Sideways: The art of the bank rebrand

Forward-thinking branding experts are already adjusting their plans for 2014 and beyond: Yahoo recently unveiled a new logo designed to symbolize its fresh start under CEO Marissa Mayer; and the Republic of Iran is reportedly considering a change to the slogan ‘Death to America’ that has been in place since the revolution in 1979.

Banks remain the focus of popular discontent, five years after the collapse of Lehman Brothers, which represents an exciting opportunity for financial market players to rethink their branding strategy.

In the wake of the credit crisis and the collapse in the reputation of many Wall Street brands, Goldman Sachs played its usual leadership role in attempting to redefine how a modern investment bank presents itself – both to potential customers and to the broader public.

Like any vibrant ad agency in New York or London, Goldman threw a bunch of great ideas against the wall in an attempt to see what would stick. One push was an ad campaign designed to present Goldman as an asset-management firm that just happens to have a trader-dominated investment bank tacked on.

This drive was positively misleading when it started, but a recent slump in fixed-income trading returns took asset management up to almost 20% of Goldman’s revenues in the third quarter, which can be interpreted as an example of branding leading content, as asset management takes a higher profile at the firm.

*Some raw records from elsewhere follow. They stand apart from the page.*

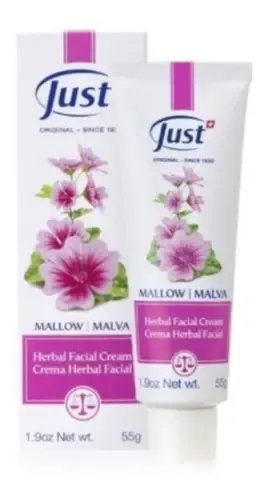 Crema Malva Humectante De Rostro 55gr. Just Piel Sensible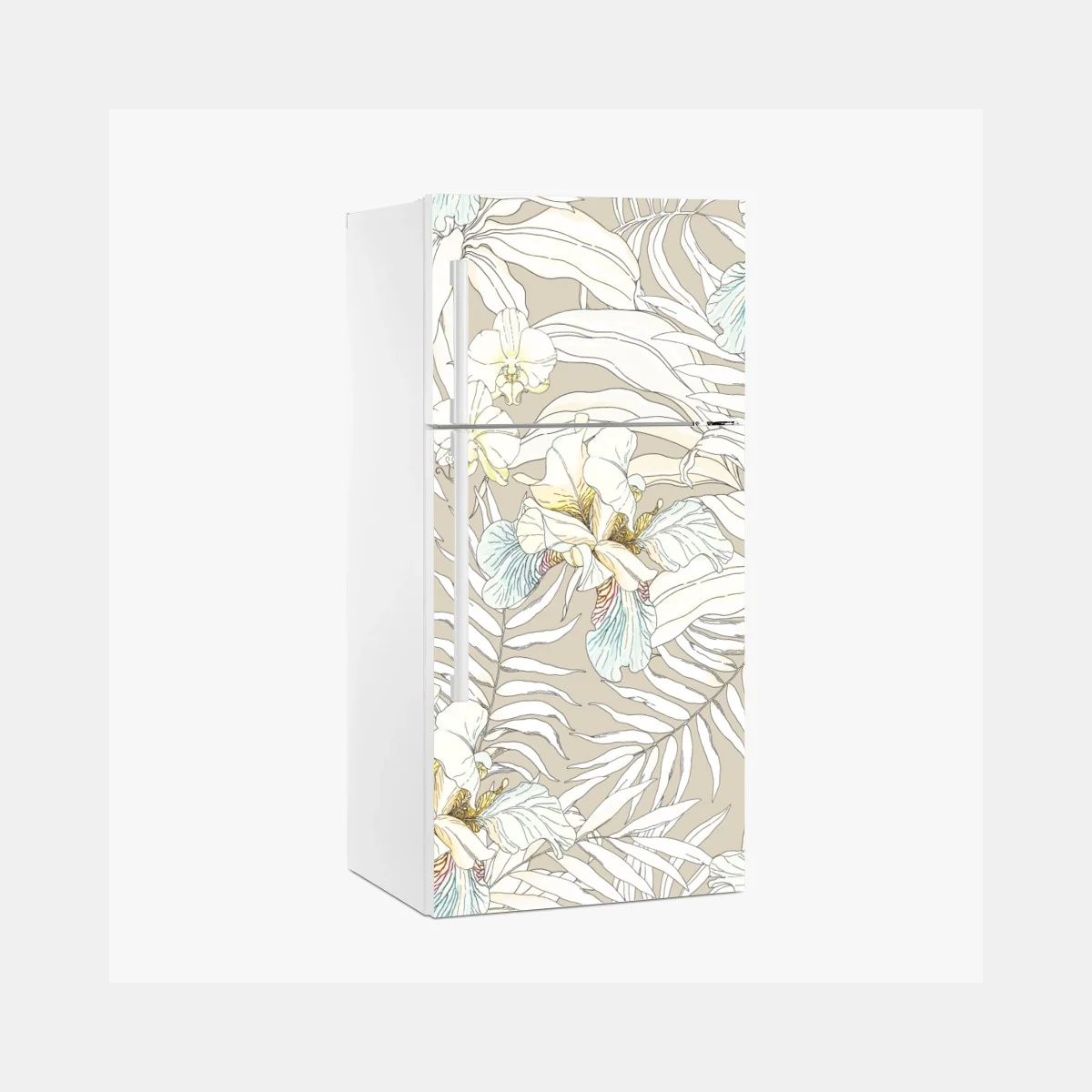 Fridge sticker tropical cockatoo floral pattern ⁕ Wallissimo® Fridge sticker tropical cockatoo floral pattern ⁕ Wallissimo®
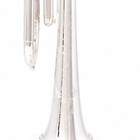 S e  Shires Q12grs Professional Bb Trumpet In Silver Plate Sn Crq20424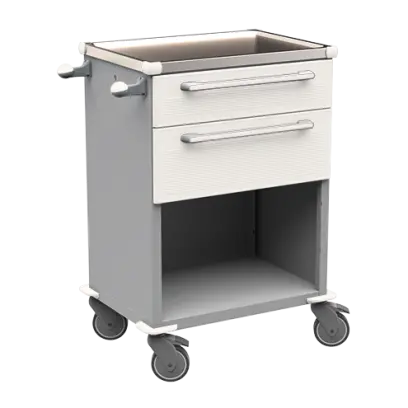 MOBI 50 N vozík zdravotnický plast ABS - bílá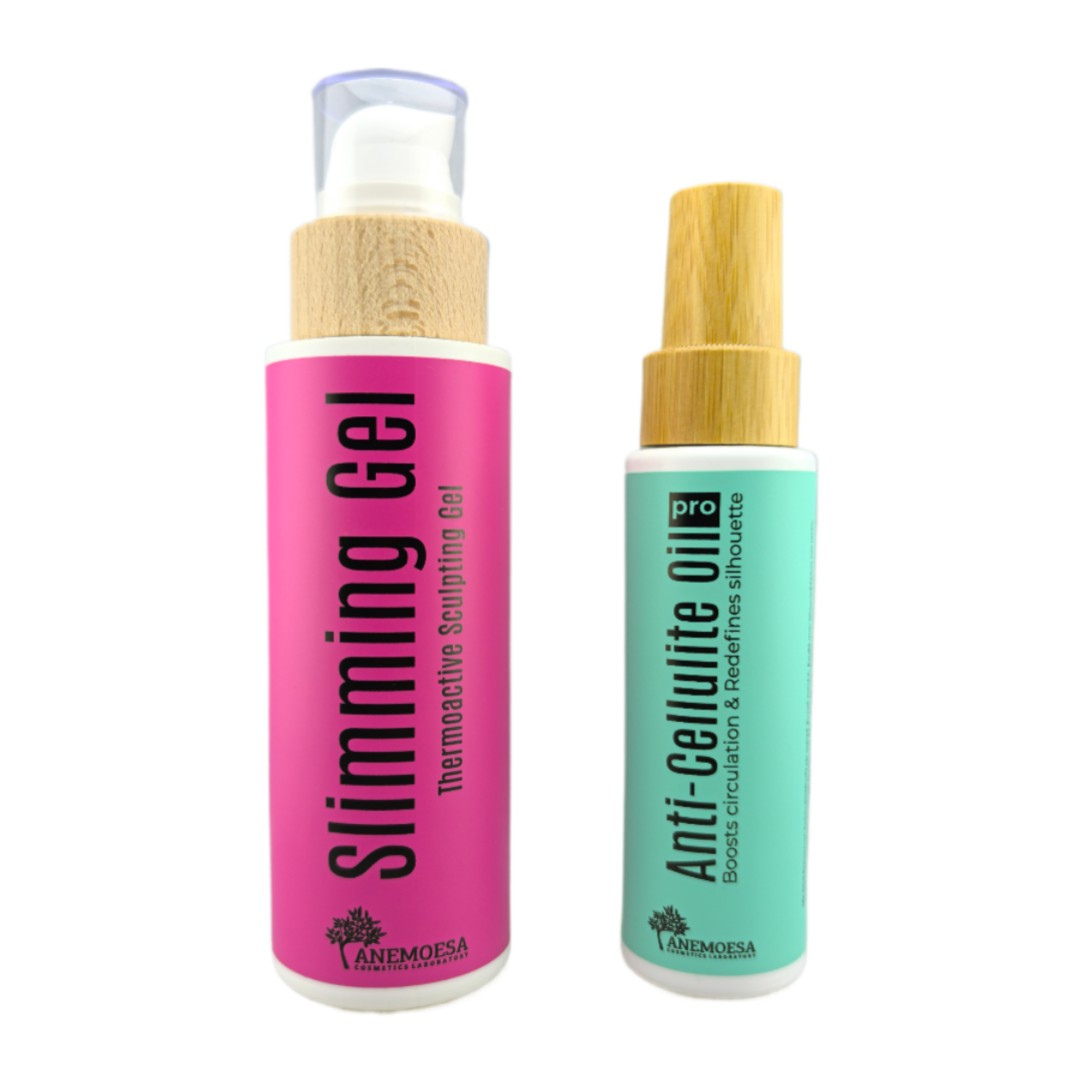 Σετ φροντίδας σώματος – Anti-cellulite Oil Pro και Slimming Gel | Anemoesa Lab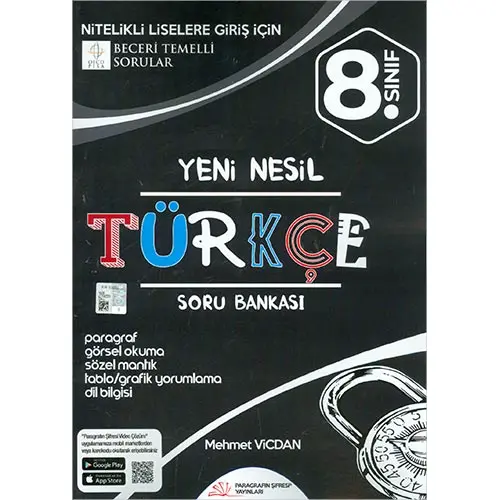 8.Sınıf LGS Türkçe Yeni Nesil Soru Bankası Paragrafın Şifresi Yayıncılık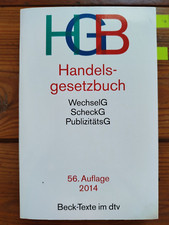 Hgb handelsgesetzbuch auflage gebraucht kaufen  Lichtenstein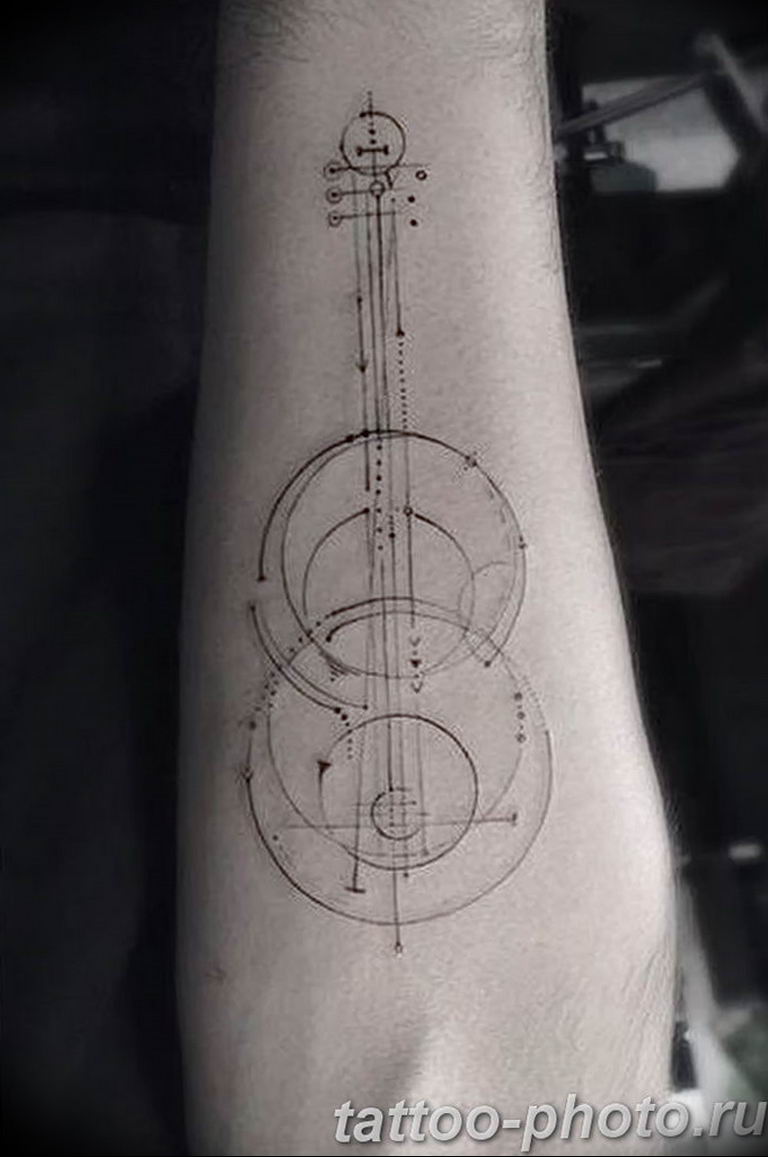 photo tattoo cello 19.02.2019 №060 - cello tattoo design idea - tattoovalue.net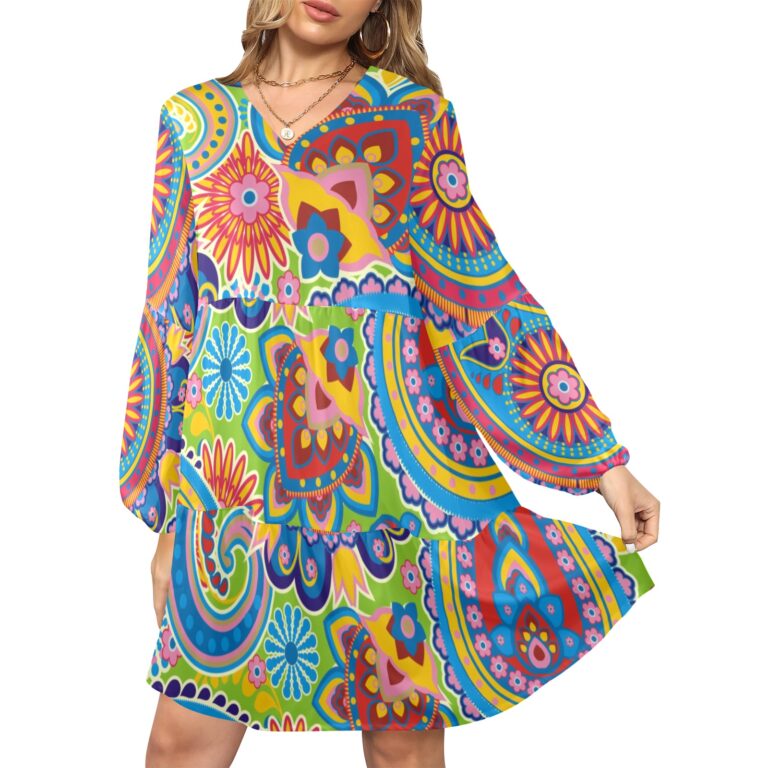 Spring Dress Boho Pattern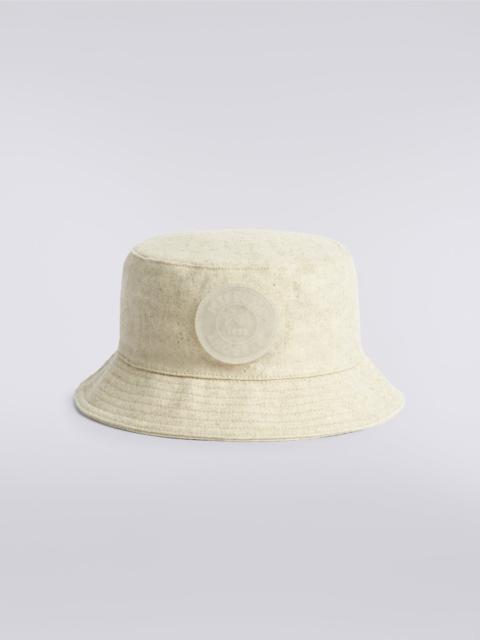 Missoni Wool blend bucket hat with logo patch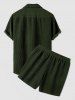 Corduroy Casual Shirt and Shorts Set -  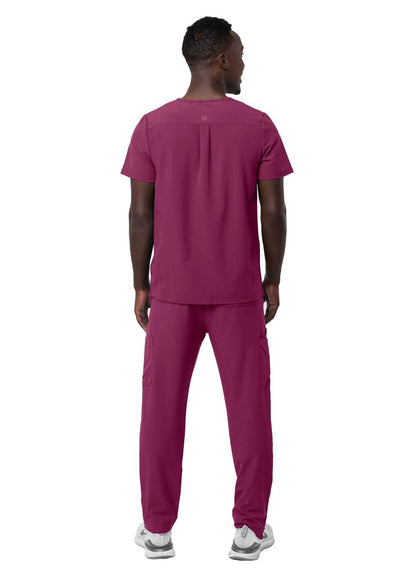 Adar Men's Go-Everyday Cargo Scrub Set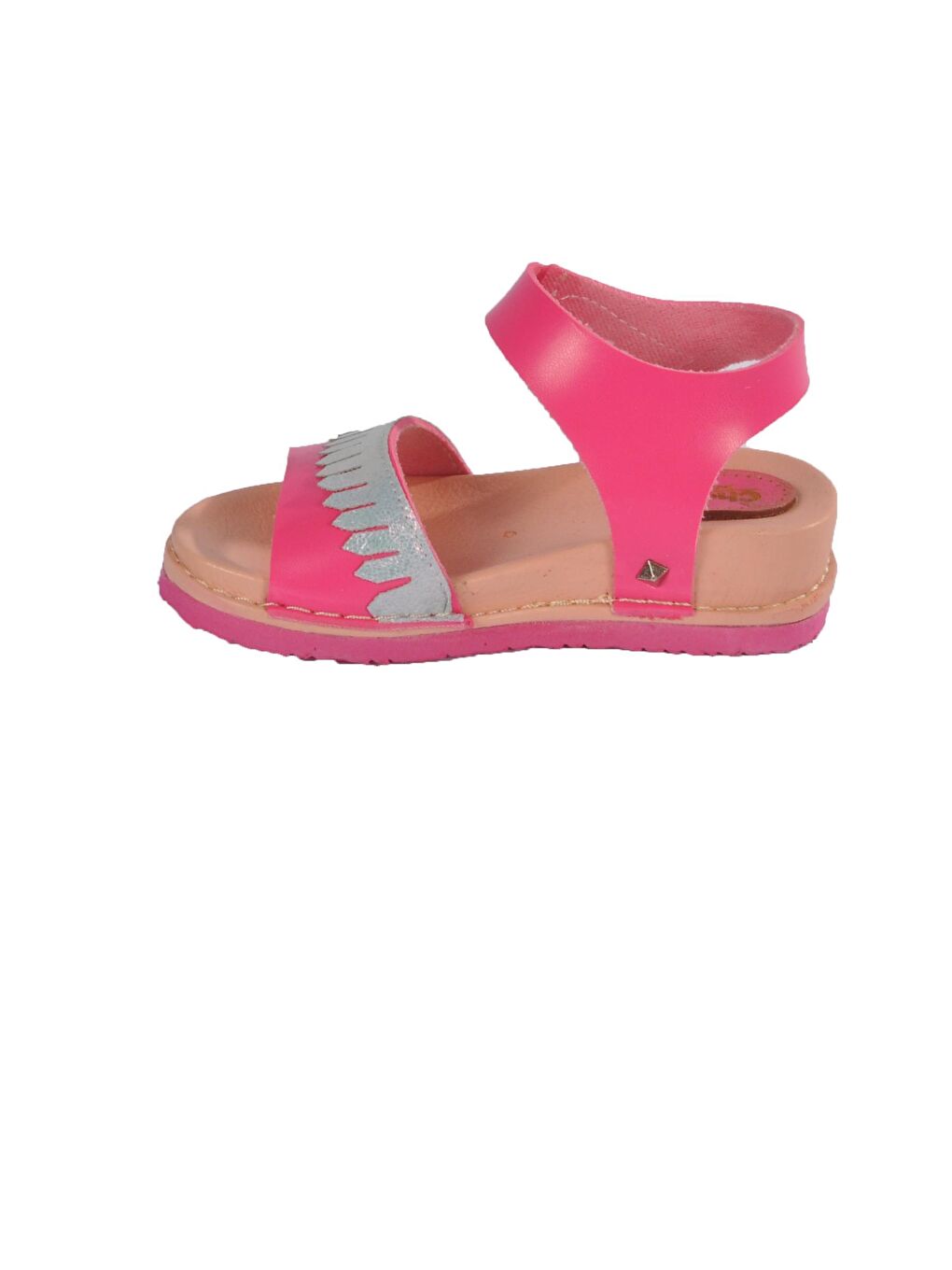 F-14 Fuşya Kız Çocuk Sandalet-2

Goldman also adopted a slogan that was designed to tackle the widespread perception that it makes trading profits at the expense of its customers. But the slogan ‘Our client’s interest always comes first’was perhaps a little too on point. If you hadn’t been worrying that your Goldman coverage contact was setting you up as part of a bigger trading strategy before you read that slogan, you certainly would be afterwards.

 

Similar slogans used by other banks also had weaknesses. Morgan Stanley’s ‘One client at a time’ projected an atmosphere of sloth as much as the targeted air of deliberation and commitment to the customer.

 
Bank of America’s ‘Bank of opportunity’ slogan had a hollow ring in the years when the firm’s stock chiefly represented an opportunity to lose money – thankfully now a distant memory! And JPMorgan’s tag line: ‘The right relationship is everything’ must currently seem to be mocking CEO Jamie Dimon as regulators and clients line up to take a bite out of his firm’s earnings over past misdeeds, many of them not even his own.

The temptation might be strong among US firms to mimic the slogans of European banks, which tend to be worthy, but anodyne to the point of soporific, as with Deutsche Bank’s ‘Passion to perform’.

 

Wall Street players should resist this temptation and instead look to the heartland, where smaller US banks are setting an example in bold tags that put their bigger banking cousins to shame. Bank of Oklahoma’s stirring slogan is ‘Long live your money’. This trademarked motto does not have an exclamation mark attached yet, but it can only be a matter of time before it is revved up even further. Bethpage FCU on Long Island – only a few miles from Wall Street, but a world away in attitude – makes a pledge that few of its bigger peers would dare to offer: ‘You’ll love banking here’.

And in case staff at Goldman Sachs thought it was a daily thrill wondering whether the bank’s traders are running hot or cold, Berkshire Bank of New England stakes an unequivocal claim with its slogan: ‘America’s most exciting bank’.